-- AVAILABLE DATA follows --
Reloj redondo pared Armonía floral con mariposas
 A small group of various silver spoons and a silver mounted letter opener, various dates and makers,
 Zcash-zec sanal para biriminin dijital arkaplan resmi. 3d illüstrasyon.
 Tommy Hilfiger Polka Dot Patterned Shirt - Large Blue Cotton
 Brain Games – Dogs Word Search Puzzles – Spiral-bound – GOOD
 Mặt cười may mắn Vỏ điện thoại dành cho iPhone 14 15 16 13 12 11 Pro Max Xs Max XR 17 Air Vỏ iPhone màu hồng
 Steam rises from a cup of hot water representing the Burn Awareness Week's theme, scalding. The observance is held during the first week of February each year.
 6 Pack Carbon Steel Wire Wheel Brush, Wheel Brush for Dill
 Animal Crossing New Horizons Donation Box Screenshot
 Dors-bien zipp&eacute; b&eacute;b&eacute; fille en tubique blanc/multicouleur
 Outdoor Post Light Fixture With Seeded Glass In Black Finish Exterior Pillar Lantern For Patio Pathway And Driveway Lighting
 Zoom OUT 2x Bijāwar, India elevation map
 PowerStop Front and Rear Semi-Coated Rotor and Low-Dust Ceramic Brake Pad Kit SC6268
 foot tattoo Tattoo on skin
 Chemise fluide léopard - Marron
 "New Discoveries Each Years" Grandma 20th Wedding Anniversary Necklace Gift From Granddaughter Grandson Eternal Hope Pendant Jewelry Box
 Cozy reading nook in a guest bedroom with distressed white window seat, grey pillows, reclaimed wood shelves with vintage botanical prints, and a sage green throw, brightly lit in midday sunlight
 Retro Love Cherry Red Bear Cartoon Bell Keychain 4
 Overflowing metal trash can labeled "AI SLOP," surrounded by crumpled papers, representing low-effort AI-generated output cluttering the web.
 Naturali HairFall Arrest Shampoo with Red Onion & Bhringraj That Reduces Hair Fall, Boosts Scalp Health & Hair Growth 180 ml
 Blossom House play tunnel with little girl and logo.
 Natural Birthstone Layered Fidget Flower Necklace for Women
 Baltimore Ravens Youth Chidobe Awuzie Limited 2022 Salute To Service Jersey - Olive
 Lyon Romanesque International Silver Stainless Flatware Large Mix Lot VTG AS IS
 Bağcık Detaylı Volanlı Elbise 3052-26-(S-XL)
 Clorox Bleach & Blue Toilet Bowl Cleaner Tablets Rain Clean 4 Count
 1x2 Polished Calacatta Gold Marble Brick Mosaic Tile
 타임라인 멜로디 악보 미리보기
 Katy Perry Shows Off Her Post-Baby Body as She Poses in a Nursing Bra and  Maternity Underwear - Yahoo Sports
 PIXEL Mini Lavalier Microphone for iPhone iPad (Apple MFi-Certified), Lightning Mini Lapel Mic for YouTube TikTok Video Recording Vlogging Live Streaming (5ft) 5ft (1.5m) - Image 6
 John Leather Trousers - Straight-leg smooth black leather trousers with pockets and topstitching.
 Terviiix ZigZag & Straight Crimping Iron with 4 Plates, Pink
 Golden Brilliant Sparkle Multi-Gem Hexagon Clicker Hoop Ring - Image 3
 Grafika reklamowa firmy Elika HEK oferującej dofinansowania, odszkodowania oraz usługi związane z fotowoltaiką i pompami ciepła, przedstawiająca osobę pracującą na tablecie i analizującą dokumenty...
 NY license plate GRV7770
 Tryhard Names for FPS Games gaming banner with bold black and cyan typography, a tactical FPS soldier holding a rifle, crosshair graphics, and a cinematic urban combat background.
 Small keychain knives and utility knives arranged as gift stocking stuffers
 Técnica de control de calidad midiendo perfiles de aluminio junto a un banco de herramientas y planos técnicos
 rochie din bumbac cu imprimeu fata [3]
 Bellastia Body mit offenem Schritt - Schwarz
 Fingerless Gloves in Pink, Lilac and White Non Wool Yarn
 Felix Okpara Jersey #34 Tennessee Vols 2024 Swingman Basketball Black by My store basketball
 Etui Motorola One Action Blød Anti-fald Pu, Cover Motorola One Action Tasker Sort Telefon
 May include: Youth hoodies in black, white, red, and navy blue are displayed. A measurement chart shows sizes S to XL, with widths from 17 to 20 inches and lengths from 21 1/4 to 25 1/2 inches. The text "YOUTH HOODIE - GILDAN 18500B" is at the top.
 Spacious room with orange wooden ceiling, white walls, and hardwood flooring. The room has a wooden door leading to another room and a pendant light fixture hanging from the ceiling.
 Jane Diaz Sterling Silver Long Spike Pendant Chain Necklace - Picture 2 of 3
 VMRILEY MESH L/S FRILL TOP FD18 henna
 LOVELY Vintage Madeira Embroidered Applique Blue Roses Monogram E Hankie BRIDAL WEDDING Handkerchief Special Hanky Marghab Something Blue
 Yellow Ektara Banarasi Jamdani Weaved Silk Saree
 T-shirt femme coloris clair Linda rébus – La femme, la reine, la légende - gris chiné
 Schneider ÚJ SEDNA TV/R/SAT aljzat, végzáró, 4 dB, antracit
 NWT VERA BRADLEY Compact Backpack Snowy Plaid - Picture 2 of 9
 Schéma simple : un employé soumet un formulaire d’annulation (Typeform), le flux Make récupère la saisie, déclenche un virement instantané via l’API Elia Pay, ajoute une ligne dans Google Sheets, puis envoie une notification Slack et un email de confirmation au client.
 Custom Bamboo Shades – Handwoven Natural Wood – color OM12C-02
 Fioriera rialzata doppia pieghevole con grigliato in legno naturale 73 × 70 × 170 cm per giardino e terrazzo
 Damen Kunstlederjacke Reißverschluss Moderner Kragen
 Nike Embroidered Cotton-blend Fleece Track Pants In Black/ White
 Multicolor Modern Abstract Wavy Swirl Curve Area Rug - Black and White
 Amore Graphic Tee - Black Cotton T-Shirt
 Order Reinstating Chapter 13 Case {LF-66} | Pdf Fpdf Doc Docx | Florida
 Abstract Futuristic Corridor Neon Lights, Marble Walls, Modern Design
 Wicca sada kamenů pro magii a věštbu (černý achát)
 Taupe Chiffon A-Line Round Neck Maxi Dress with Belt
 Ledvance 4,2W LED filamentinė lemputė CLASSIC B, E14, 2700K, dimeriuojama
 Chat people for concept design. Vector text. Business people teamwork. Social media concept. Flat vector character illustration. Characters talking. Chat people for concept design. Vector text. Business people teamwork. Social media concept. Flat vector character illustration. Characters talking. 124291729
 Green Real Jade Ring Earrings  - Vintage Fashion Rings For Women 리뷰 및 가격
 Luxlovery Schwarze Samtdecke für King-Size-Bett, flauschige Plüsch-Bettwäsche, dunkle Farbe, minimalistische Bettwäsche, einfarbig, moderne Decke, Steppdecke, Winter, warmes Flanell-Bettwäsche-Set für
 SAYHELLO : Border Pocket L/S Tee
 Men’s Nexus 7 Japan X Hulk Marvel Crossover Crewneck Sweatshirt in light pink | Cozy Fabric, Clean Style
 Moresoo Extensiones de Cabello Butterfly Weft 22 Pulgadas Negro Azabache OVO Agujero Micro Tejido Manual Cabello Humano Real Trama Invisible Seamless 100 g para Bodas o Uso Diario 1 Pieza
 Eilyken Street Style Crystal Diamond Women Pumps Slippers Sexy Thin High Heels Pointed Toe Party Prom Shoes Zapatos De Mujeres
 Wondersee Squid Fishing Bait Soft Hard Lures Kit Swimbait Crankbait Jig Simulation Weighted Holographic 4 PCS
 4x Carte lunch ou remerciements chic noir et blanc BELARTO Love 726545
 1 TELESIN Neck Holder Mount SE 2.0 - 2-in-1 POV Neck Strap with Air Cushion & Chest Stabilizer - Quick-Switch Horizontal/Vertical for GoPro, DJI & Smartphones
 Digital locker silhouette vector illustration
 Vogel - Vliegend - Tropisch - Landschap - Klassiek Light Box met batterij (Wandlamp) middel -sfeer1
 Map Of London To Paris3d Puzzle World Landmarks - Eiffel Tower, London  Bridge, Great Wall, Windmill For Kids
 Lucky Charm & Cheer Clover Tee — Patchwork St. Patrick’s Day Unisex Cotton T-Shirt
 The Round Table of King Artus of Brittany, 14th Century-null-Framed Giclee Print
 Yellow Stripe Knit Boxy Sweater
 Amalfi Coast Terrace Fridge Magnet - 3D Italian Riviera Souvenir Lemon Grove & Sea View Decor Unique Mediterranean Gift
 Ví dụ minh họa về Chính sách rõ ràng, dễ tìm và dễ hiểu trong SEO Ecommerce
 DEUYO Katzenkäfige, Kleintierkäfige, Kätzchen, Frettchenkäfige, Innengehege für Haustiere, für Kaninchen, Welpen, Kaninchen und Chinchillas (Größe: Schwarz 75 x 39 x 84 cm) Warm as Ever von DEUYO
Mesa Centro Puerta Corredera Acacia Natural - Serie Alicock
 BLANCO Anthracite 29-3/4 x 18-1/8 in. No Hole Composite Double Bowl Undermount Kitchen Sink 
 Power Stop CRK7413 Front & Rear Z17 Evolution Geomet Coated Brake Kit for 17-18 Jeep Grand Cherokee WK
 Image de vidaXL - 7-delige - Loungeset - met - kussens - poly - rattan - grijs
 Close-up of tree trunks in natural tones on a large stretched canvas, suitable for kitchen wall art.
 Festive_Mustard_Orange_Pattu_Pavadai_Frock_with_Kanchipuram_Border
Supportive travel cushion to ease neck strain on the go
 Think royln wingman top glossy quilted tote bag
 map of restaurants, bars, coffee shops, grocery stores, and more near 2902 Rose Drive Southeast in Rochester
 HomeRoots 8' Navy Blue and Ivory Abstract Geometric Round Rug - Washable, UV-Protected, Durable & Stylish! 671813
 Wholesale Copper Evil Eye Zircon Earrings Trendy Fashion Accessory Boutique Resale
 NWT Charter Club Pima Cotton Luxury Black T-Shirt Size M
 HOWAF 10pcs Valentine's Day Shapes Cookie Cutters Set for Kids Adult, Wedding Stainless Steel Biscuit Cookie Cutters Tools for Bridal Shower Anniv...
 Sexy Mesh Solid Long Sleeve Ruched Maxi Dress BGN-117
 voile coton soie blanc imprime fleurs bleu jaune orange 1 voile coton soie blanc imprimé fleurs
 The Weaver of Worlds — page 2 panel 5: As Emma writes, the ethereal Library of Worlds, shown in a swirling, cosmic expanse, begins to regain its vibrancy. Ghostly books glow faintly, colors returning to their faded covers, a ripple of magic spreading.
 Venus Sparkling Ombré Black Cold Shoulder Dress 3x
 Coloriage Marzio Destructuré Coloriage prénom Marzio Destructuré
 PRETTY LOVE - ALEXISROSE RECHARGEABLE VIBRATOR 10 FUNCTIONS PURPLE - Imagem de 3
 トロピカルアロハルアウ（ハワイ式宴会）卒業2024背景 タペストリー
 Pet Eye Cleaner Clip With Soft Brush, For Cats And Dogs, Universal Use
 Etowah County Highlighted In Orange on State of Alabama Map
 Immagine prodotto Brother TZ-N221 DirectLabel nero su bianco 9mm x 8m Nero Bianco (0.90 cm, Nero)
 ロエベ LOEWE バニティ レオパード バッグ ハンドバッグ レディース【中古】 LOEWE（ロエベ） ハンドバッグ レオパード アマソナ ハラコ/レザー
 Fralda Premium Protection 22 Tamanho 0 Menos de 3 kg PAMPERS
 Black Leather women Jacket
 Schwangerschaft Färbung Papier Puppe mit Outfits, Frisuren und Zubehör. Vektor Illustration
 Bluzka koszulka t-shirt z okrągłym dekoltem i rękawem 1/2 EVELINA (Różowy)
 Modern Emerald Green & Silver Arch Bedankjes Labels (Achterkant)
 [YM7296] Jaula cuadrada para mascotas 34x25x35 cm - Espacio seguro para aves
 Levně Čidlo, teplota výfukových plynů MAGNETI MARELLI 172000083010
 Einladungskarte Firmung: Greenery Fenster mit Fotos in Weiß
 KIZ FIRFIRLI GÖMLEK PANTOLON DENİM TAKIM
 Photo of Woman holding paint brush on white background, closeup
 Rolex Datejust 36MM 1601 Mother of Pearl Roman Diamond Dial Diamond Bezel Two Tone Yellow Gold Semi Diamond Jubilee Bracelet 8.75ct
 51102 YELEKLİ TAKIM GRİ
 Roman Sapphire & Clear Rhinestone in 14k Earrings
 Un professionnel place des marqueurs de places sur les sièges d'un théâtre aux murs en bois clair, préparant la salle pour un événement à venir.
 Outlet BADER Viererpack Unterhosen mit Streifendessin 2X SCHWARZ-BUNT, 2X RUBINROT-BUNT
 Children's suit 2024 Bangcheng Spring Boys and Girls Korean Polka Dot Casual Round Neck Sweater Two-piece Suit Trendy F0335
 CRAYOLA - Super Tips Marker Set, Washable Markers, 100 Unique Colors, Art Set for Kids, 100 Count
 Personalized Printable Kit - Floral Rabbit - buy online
-- AVAILABLE DATA concluded --
▶ PROBLEM REQUIREMENTS:
In the entries above, one line contains "Lucky Charm &" and another contains "Power Stop CRK7413". Reproduce exactly those two lines and the lines between them, nothing else.

▶ TASK SOLUTION:
 Lucky Charm & Cheer Clover Tee — Patchwork St. Patrick’s Day Unisex Cotton T-Shirt
 The Round Table of King Artus of Brittany, 14th Century-null-Framed Giclee Print
 Yellow Stripe Knit Boxy Sweater
 Amalfi Coast Terrace Fridge Magnet - 3D Italian Riviera Souvenir Lemon Grove & Sea View Decor Unique Mediterranean Gift
 Ví dụ minh họa về Chính sách rõ ràng, dễ tìm và dễ hiểu trong SEO Ecommerce
 DEUYO Katzenkäfige, Kleintierkäfige, Kätzchen, Frettchenkäfige, Innengehege für Haustiere, für Kaninchen, Welpen, Kaninchen und Chinchillas (Größe: Schwarz 75 x 39 x 84 cm) Warm as Ever von DEUYO
Mesa Centro Puerta Corredera Acacia Natural - Serie Alicock
 BLANCO Anthracite 29-3/4 x 18-1/8 in. No Hole Composite Double Bowl Undermount Kitchen Sink 
 Power Stop CRK7413 Front & Rear Z17 Evolution Geomet Coated Brake Kit for 17-18 Jeep Grand Cherokee WK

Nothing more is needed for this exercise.